消えていく野球部…「なぜS.Y.Cは増加?」
少子化やスポーツ選択の多様化により、全国的に見れば野球人口減少は歯止めがかからない。2023年の10代の野球人口(年1回以上の野球経験)は174万人。2001年の282万人と比べると100万人以上も減少したことになる(※1)。
鈴木さんも「昔は、渋川市だけでも中学校の軟式野球(部活動含む)チームが最大12チームありました。今秋の新人戦地区予選では、2チーム(うち1つは2校による合同チーム)まで減少しています。この流れは簡単には止めることができないでしょうね」と明かす。
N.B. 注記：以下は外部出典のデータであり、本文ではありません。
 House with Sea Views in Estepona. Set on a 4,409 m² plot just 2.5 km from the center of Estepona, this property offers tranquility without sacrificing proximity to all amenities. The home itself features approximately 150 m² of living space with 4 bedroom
その中で、入部のハードルを下げた「S.Y.C」は年々入部希望が増えており、創部当初わずか6人でスタートした極小母体が、約2年で25人まで増えた。結成当初は練習人数が足らず、市内の野球部と合同で練習や、野球教室を行ったりもした。最近では、進学先の中学校の野球部が廃止になることを見越した小学6年生も複数、練習に参加しているという。
ナイター、専用球場…超充実の環境
現在は木曜日のナイター練習と土日の週3日が活動日。いずれも市の施設や地元中学校の施設を借り、雨の場合は無償で借りた屋内のトレーニング施設で練習をしている。土日は専用球場も確保する充実ぶりだ。プレーヤー、保護者、チーム関係者に極力負担がかからない運用にすべく、市と連携している。自宅からグラウンドまでの送迎が困難な子供を1回500円・月額3000円の料金で送迎する行政サービス「こどもデマンドタクシー」を利用していた(現在は休止中)。
「S.Y.C」はまだまだ発展途上だ。現段階では、お世辞にも「強豪チーム」と呼べるほどではない。